Short web captions
══════════
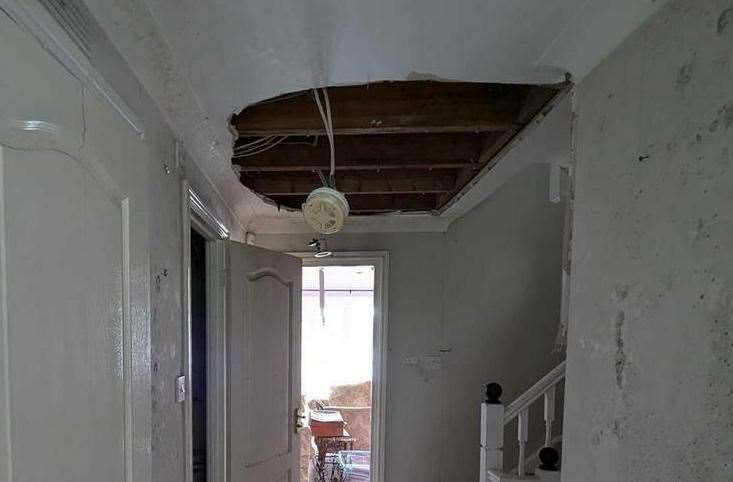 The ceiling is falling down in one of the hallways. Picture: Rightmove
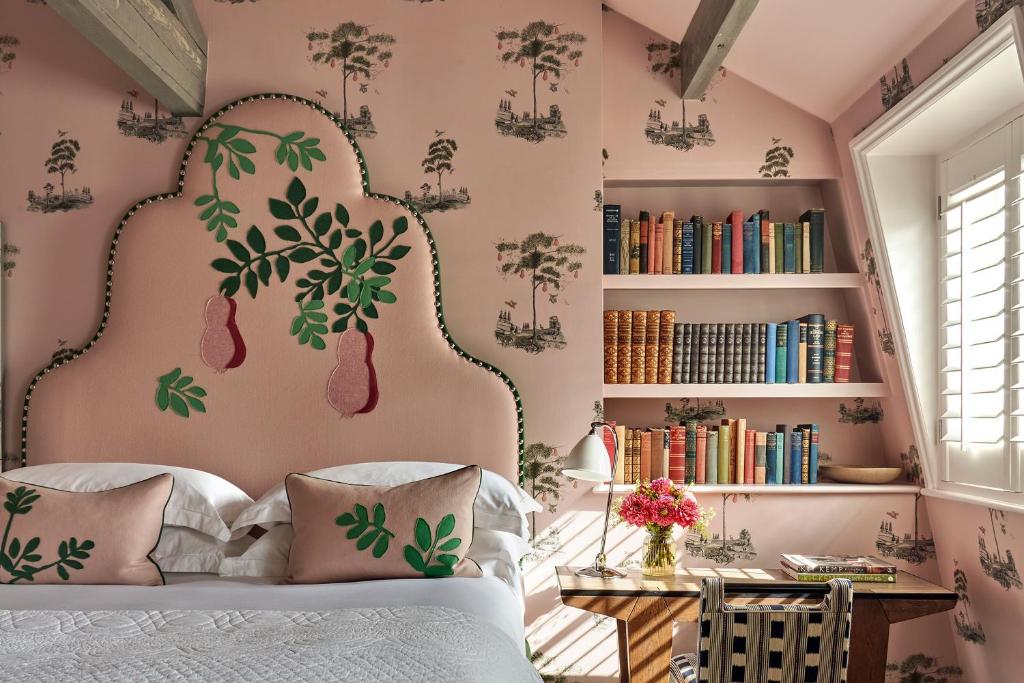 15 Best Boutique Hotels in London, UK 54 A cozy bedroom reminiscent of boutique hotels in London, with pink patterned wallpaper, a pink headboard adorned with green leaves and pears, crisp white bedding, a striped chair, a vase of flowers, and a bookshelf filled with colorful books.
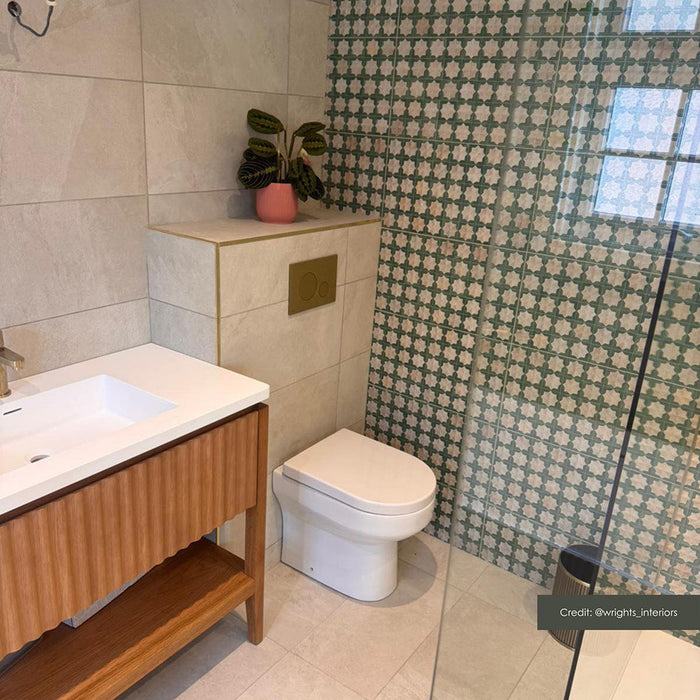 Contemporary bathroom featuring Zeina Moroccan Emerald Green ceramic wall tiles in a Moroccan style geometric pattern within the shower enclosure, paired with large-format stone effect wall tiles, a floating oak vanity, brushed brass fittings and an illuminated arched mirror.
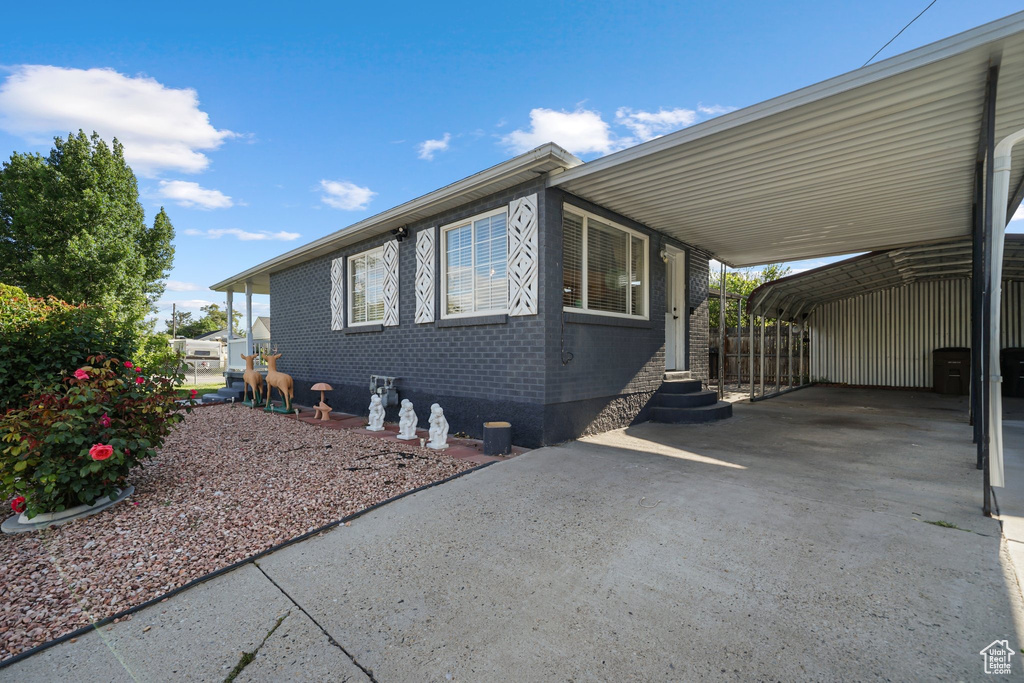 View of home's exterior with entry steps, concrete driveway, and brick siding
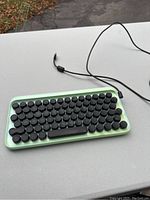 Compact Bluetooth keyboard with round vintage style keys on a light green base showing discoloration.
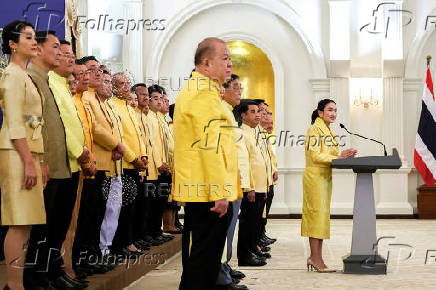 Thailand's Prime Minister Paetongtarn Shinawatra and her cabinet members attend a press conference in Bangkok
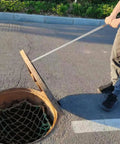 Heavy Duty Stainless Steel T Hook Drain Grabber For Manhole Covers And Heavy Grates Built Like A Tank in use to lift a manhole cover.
══════════
TASK GOAL. Please copy the lines exactly, beginning at the one containing "15 Best Boutique" and ending at the last line of the records above, both included, with the pictures left out.

ANSWER BOX.
 15 Best Boutique Hotels in London, UK 54 A cozy bedroom reminiscent of boutique hotels in London, with pink patterned wallpaper, a pink headboard adorned with green leaves and pears, crisp white bedding, a striped chair, a vase of flowers, and a bookshelf filled with colorful books.
 Contemporary bathroom featuring Zeina Moroccan Emerald Green ceramic wall tiles in a Moroccan style geometric pattern within the shower enclosure, paired with large-format stone effect wall tiles, a floating oak vanity, brushed brass fittings and an illuminated arched mirror.
 View of home's exterior with entry steps, concrete driveway, and brick siding
 Compact Bluetooth keyboard with round vintage style keys on a light green base showing discoloration.
 Thailand's Prime Minister Paetongtarn Shinawatra and her cabinet members attend a press conference in Bangkok
 Heavy Duty Stainless Steel T Hook Drain Grabber For Manhole Covers And Heavy Grates Built Like A Tank in use to lift a manhole cover.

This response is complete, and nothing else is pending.